Kheili Motashakkeram, Aghaye Colognial!
How would you translate 'dastash be dagh e eshgh'?


----------



## molana

*دستی از دور بر آتش داشتن*: از حقیقت امری بی خبر بودن، قضاوتی سطحی از چیزی داشتن



HZKhan said:


> How would you translate 'dastash be dagh e eshgh'


 Dealings with fire of love​​


----------



## colognial

دست اش به داغ عشق همان دور از آتش است literally means 'its hand, to the hot[ness] of love, is truly far from fire'. The poet alludes to the expression دستی از دور بر آتش داشتن, which changes the literal meaning to 'in the matter of the intensity of love, the moth is certainly clueless, since it keeps a safe distance away from the fire'.


----------



## PersoLatin

HZKhan said:


> دستش به داغ عشق، همان دور از آتش است
> پروانه‌ای که خویش نزد بر چراغ ما


The poet is saying that, this particular person's love, is not true love, and compares it, to the lack of true love a moth shows, when it doesn't get close enough to a fire, to burn, which is the usual instinctive behaviour of a moth.


----------



## fdb

Note that داغ means “branding iron”.

A more-or-less literal translation might be:

“His hand is upon love’s branding iron, though it is far from the fire.
(He is like) a moth which does not (dare to) cast itself upon our lantern.”

“Our” refers (I assume) to God.


----------



## colognial

fdb said:


> Note that داغ means “branding iron”.
> 
> A more-or-less literal translation might be:
> 
> “His hand is upon love’s branding iron, though it is far from the fire.
> (He is like) a moth which does not (dare to) cast itself upon our lantern.”
> 
> “Our” refers (I assume) to God.



Good point, fdb! In Persian poetry the داغ traditionally stands for everlasting sorrow, for a loss that is not recoverable. Tulips, for instance, are said to have 'it'. There are also the 'stigma of love', داغ عشق, and داغ ننگ, 'bad reputation'. Of course the moth in the line of verse under discussion seems not to have been 'branded'; it's not ready to make that sacrifice.


----------



## HZKhan

Thank you, everyone!


----------



## Stranger_

Please what does "همان" mean in this verse? how would you translate it to English or even Persian?


----------



## molana

*همان:* (قید مرکب ) حتماً. بی شک . همانا
In English, we can say truly, as colognial has already said it, or doubtlessly.
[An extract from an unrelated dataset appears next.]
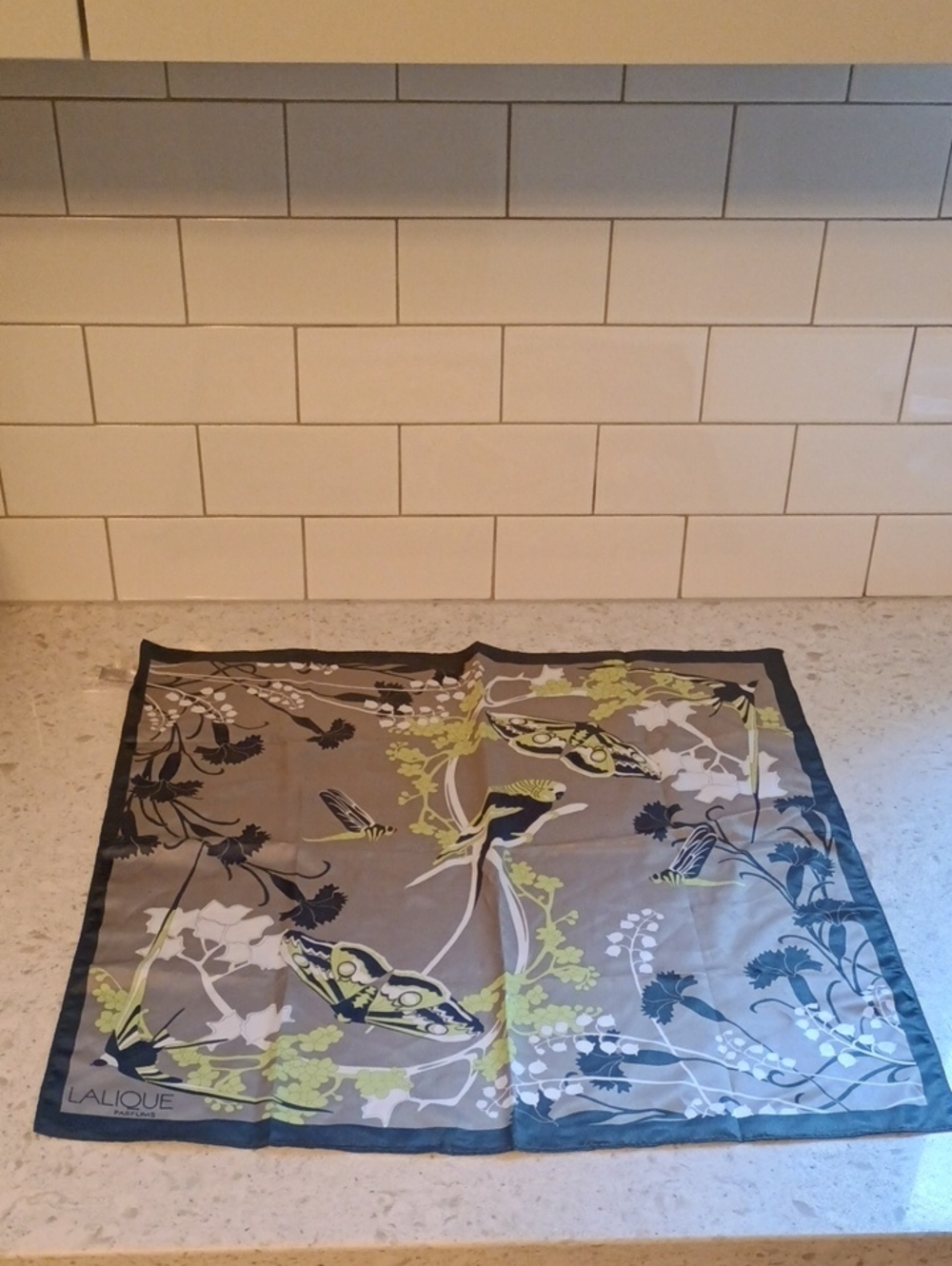 Stunning Lalique Parfums Square Silk/ Polyester Scarf 19"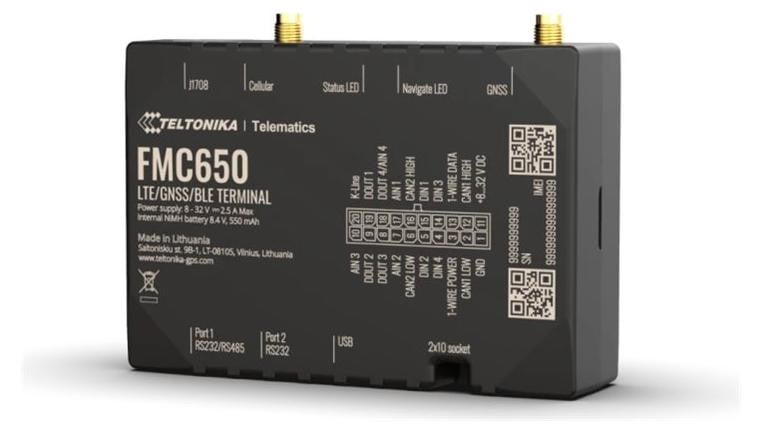 Teltonika FMC650 GPS-tracker voor voertuigen met LTE, TCP/IP en GSM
دل زن *همان *دیو را هست جای"
"ز گفتار باشند جوینده رای
_فردوسی_

پست بنشین که تو را روزی از این قافله گاه"
"گرچه دیر است *همان *آخر باید برخاست
_ناصرخسرو_​


----------



## PersoLatin

Stranger_ said:


> Please what does "همان" mean in this verse? how would you translate it to English or even Persian?


It means مانند or 'like', as the poet compares 'his' action to the moth's.

Rephrased with mânand:
دستش به داغ عشق، همان دور از آتش است
*مانند* پروانه‌ای که خویش نزد بر چراغ ما


----------



## colognial

PersoLatin, your interpretation turns the metaphor on its head somewhat! Also, it leaves us with the question, whose hand is " its hand"? ("Dastash" is necessarily a "dast" belonging to someone.) There may be an answer in the lines preceding the _beit_ quoted. So we may be inadequately equipped here. But what I understand by looking at the words we have been given tells me that our moth rather dallies with the source of light. It feels no heat, or as fdb puts it, has not been branded; it is a moth that knows how to enjoy the light from the candle or the lamp without getting its fingers burnt! The type that this moth represents is simply not in a mind to die for a bit of enjoyment, sorry!


----------



## colognial

molana said:


> *همان:* (قید مرکب ) حتماً. بی شک . همانا
> In English, we can say truly, as colognial has already said it, or doubtlessly.
> 
> دل زن *همان *دیو را هست جای"
> "ز گفتار باشند جوینده رای
> _فردوسی_
> 
> پست بنشین که تو را روزی از این قافله گاه"
> "گرچه دیر است *همان *آخر باید برخاست
> _ناصرخسرو_​



molana, would you say همان was a combination of هم and آن? (As an aside, did Ferdossi _Jan_ really say this spiteful thing about women?? You sure it was him who said it?! And, by the way, I suspect the word is probably not 'goftaar' but 'kaftaar', hyenas!)


----------



## PersoLatin

colognial said:


> PersoLatin, your interpretation turns the metaphor on its head somewhat!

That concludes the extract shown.